▶ [Task]:
Begin at the line with "2010 TOYOTA RAV4" and set down each line exactly until the listing ends. Images stay out.

%%

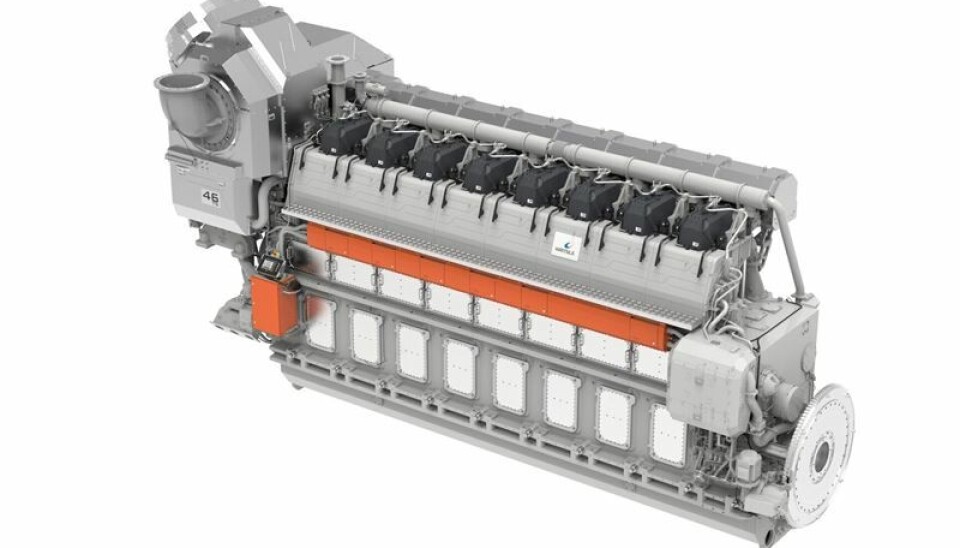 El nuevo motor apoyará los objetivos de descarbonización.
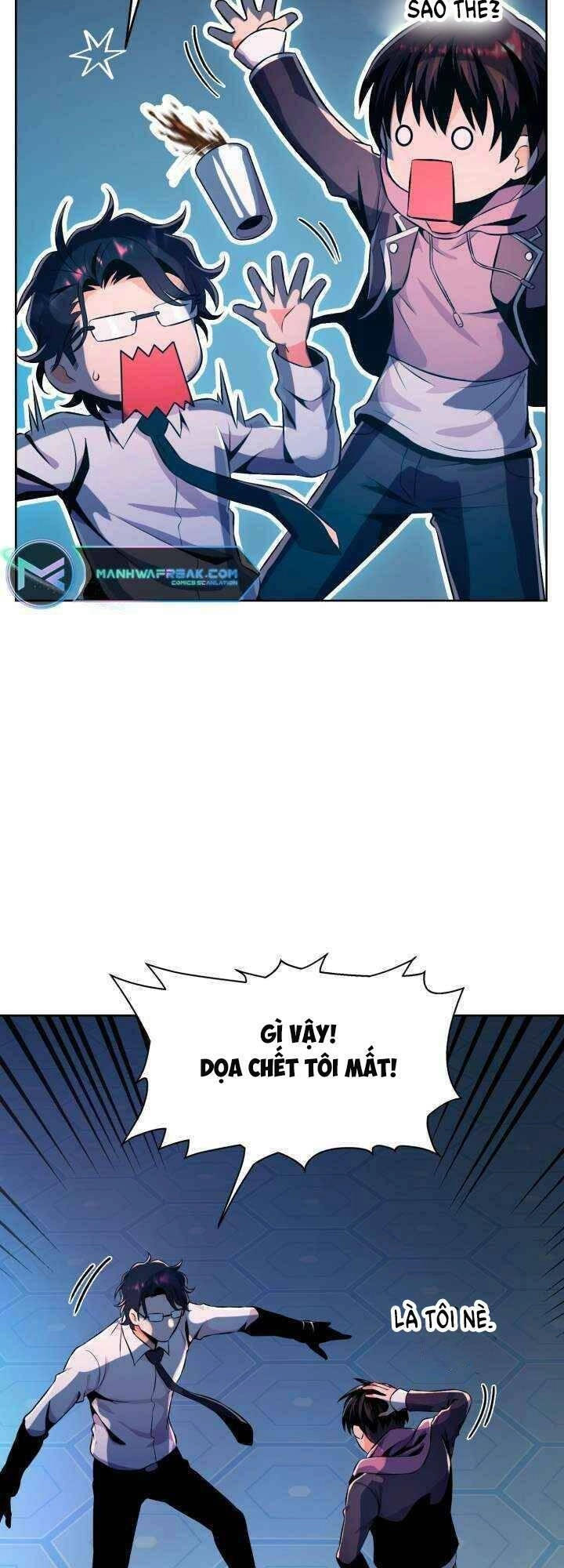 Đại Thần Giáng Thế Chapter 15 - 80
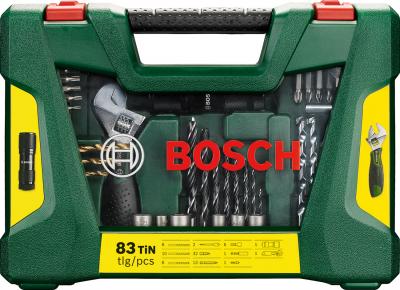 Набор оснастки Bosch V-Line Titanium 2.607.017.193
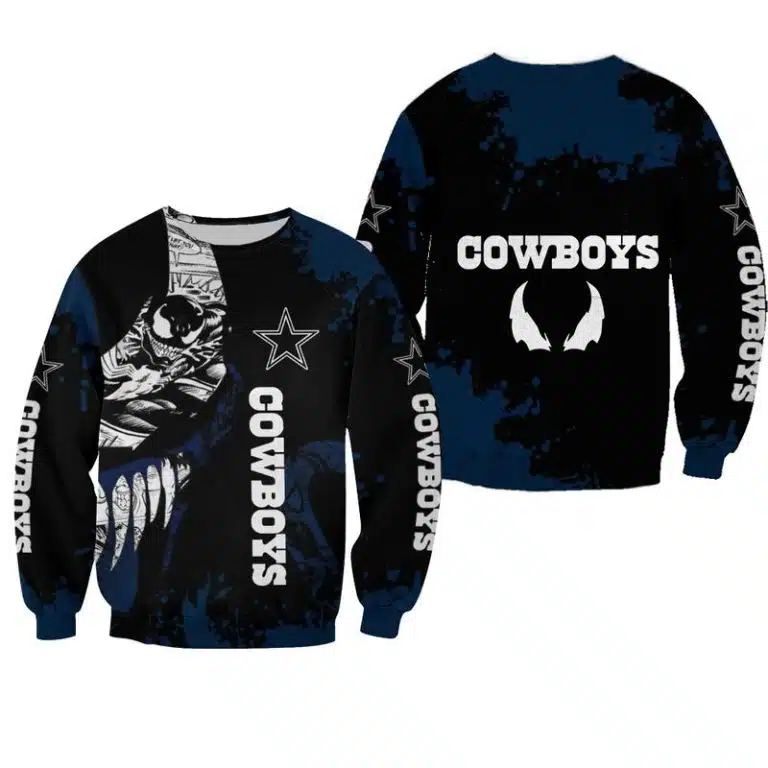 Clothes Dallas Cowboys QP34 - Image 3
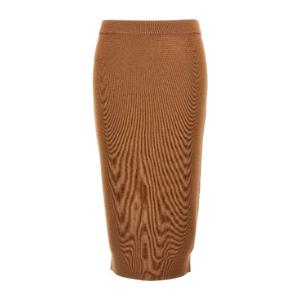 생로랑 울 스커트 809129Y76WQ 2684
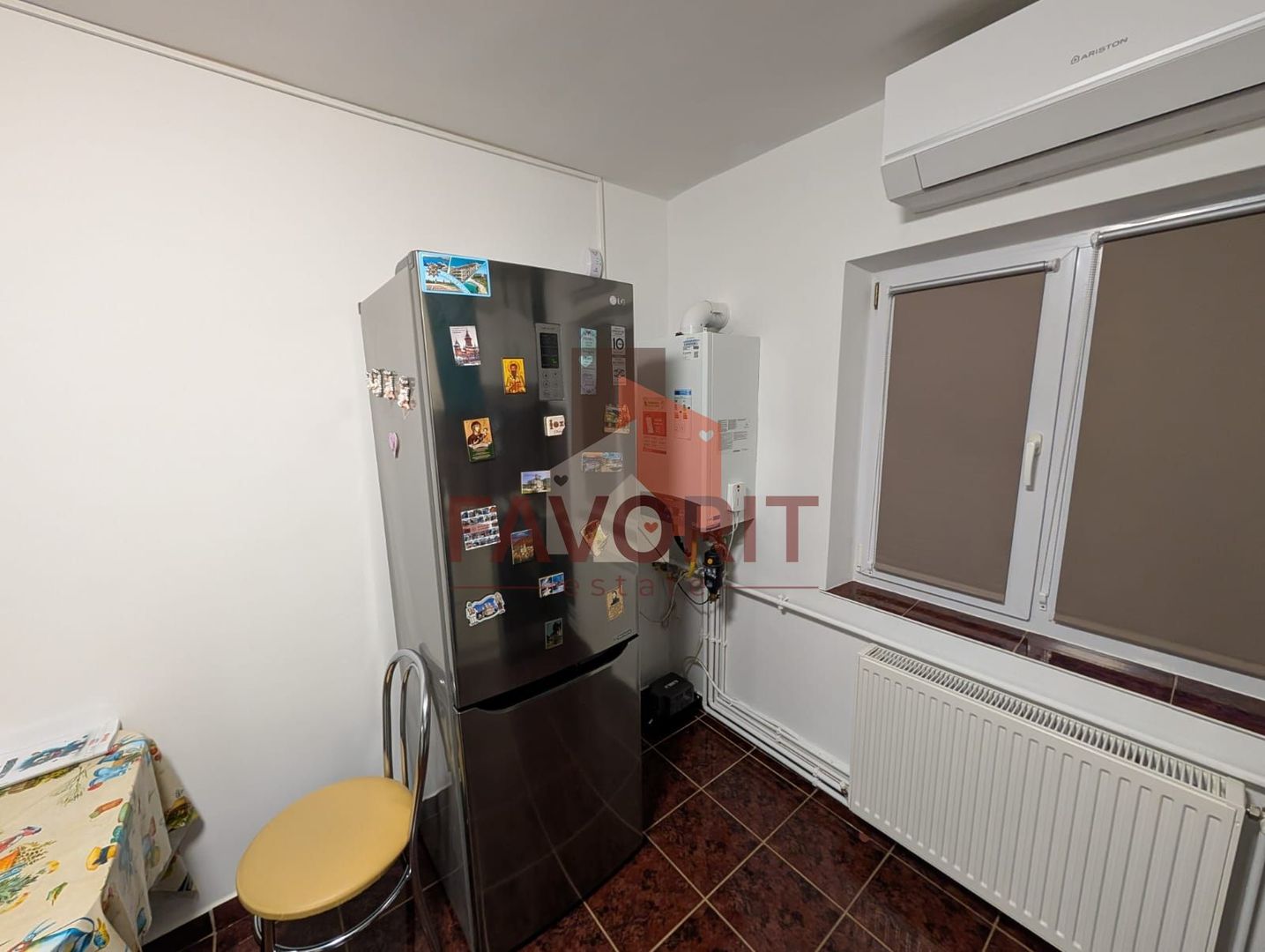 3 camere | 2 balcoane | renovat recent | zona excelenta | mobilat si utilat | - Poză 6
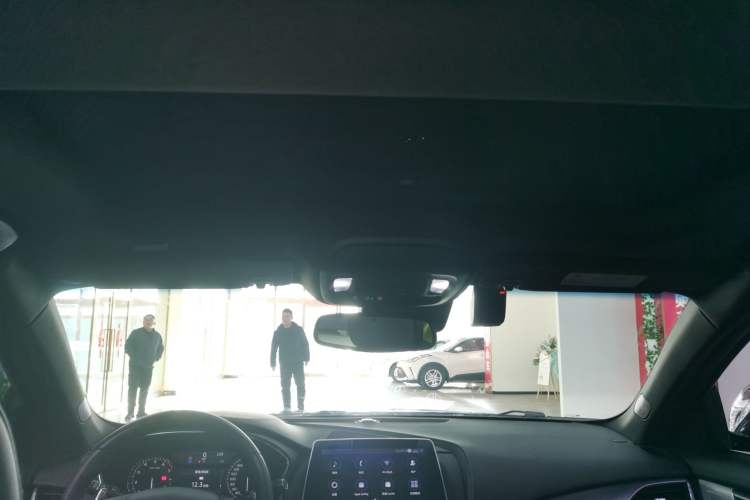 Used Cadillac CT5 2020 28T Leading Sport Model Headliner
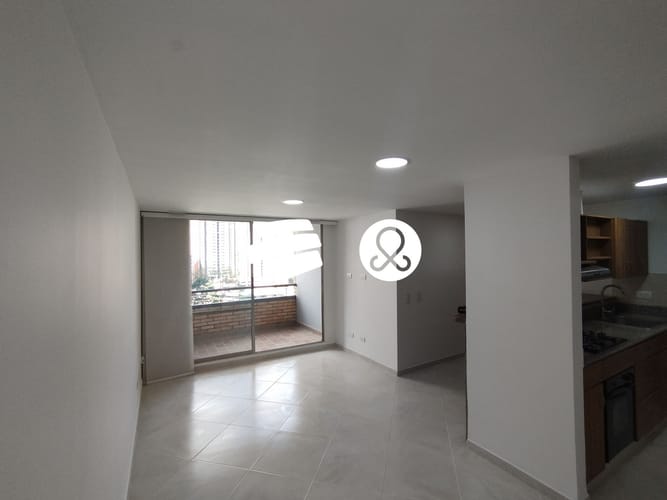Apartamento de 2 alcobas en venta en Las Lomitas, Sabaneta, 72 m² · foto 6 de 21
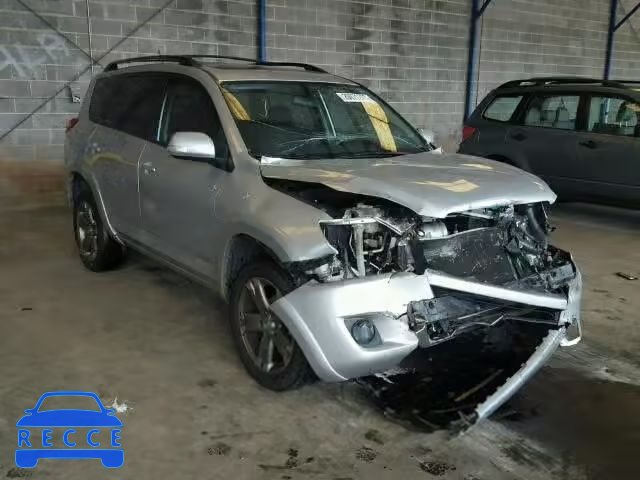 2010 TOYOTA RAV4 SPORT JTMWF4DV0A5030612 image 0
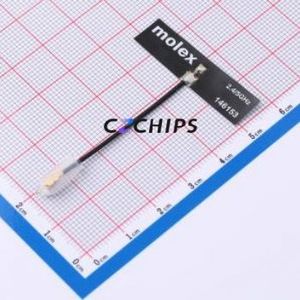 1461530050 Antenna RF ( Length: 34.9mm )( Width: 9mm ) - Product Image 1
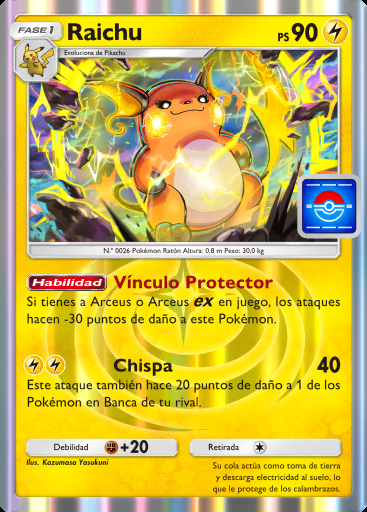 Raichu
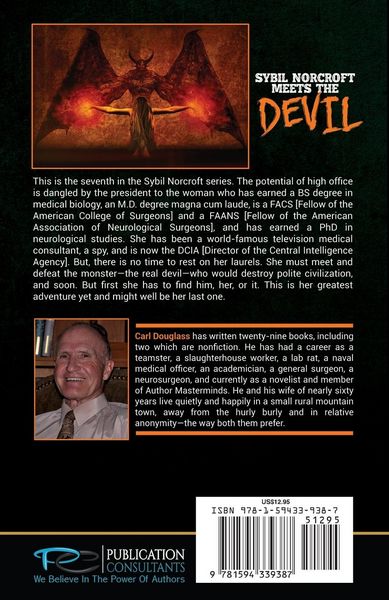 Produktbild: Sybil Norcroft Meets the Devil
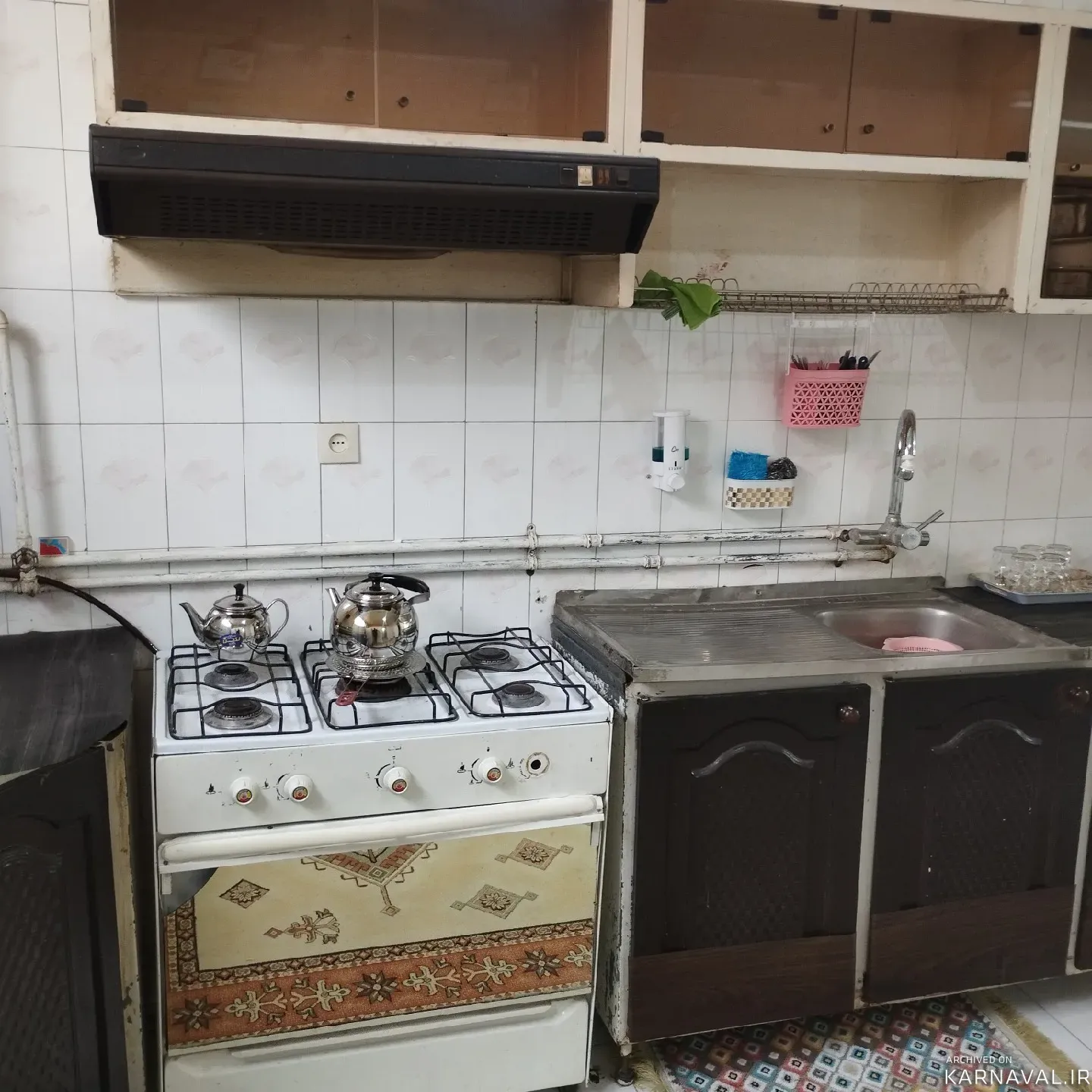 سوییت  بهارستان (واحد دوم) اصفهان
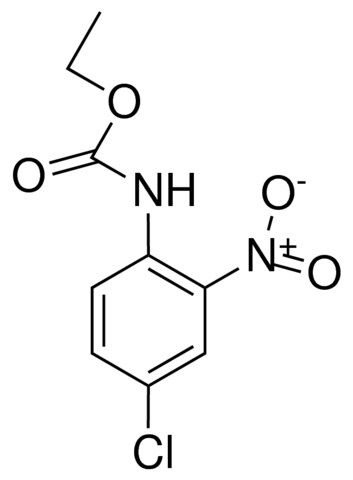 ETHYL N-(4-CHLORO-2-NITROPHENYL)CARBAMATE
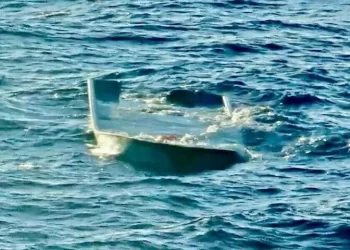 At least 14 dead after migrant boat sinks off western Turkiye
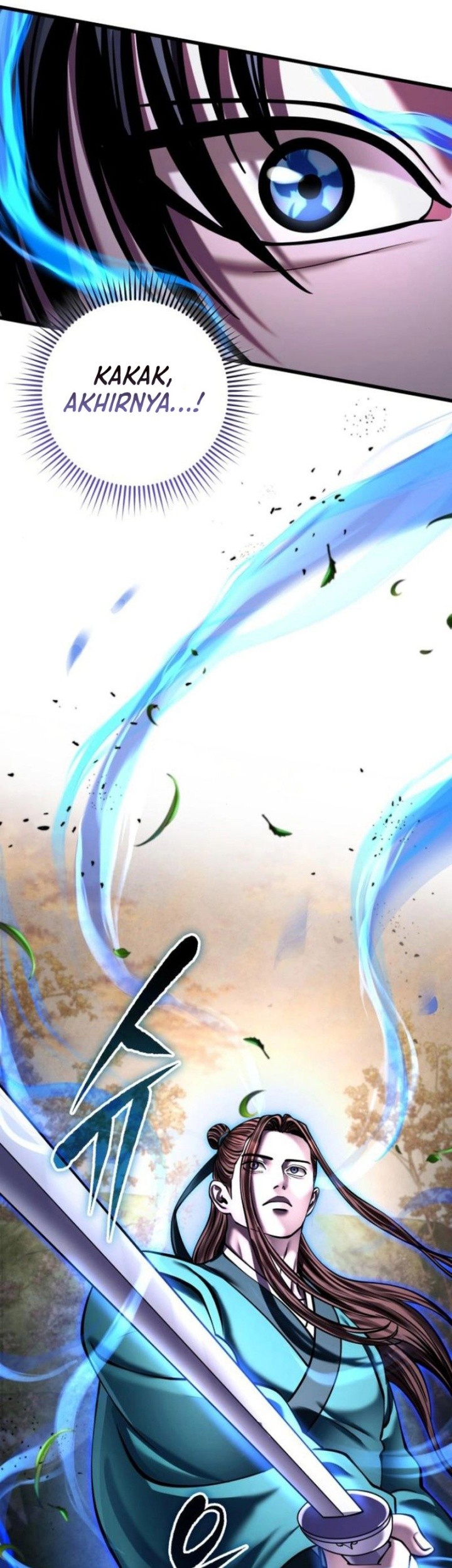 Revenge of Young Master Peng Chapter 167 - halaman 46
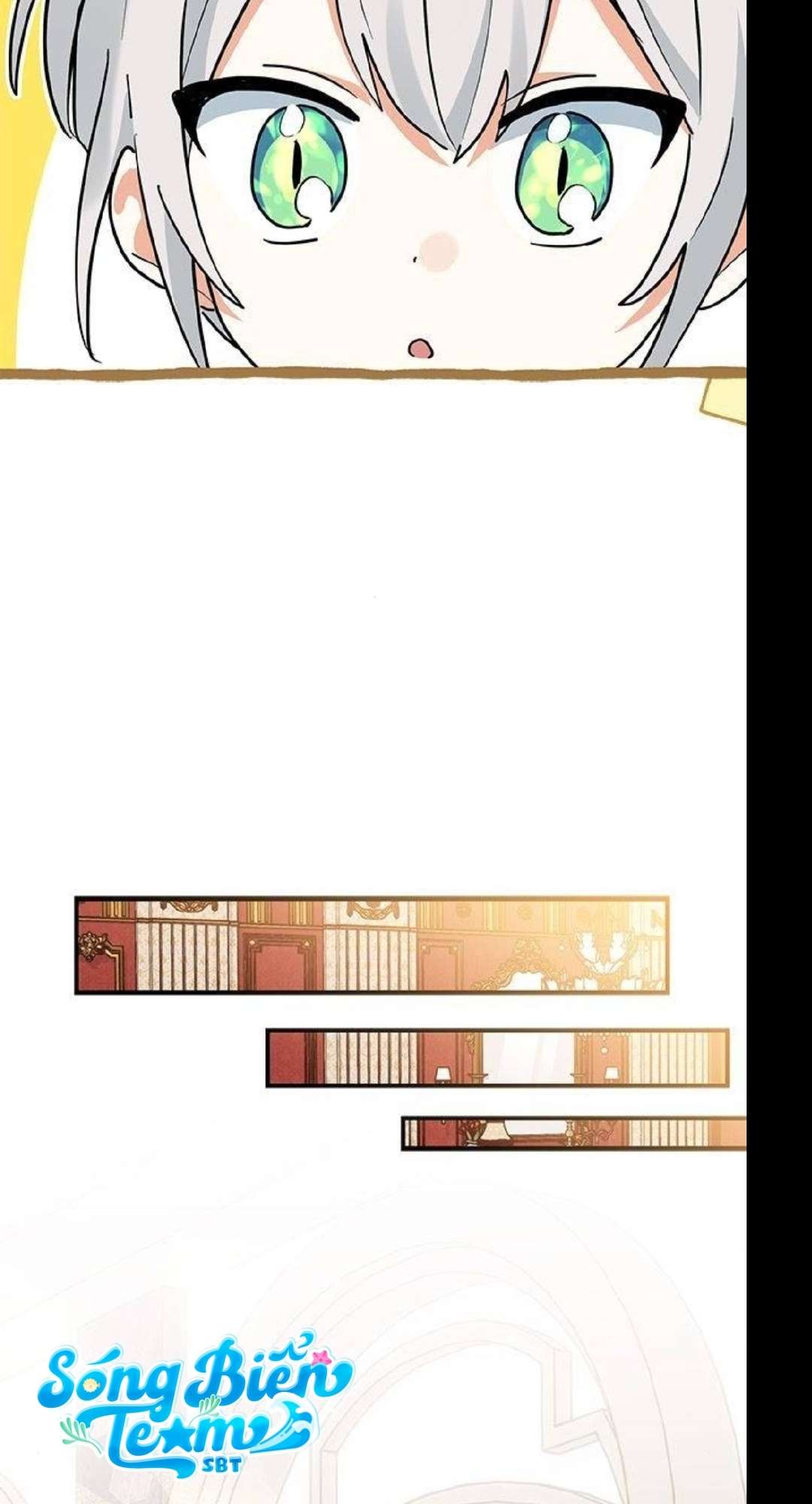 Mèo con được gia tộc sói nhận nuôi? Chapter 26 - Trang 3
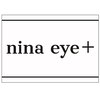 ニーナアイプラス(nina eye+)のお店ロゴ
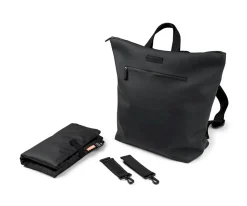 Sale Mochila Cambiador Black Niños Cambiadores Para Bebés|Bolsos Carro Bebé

%%

▶ [Answer to the problem]:
 2010 TOYOTA RAV4 SPORT JTMWF4DV0A5030612 image 0
 1461530050 Antenna RF ( Length: 34.9mm )( Width: 9mm ) - Product Image 1
 Raichu
 Produktbild: Sybil Norcroft Meets the Devil
 سوییت  بهارستان (واحد دوم) اصفهان
 ETHYL N-(4-CHLORO-2-NITROPHENYL)CARBAMATE
 At least 14 dead after migrant boat sinks off western Turkiye
 Revenge of Young Master Peng Chapter 167 - halaman 46
 Mèo con được gia tộc sói nhận nuôi? Chapter 26 - Trang 3
 ニーナアイプラス(nina eye+)のお店ロゴ
 Sale Mochila Cambiador Black Niños Cambiadores Para Bebés|Bolsos Carro Bebé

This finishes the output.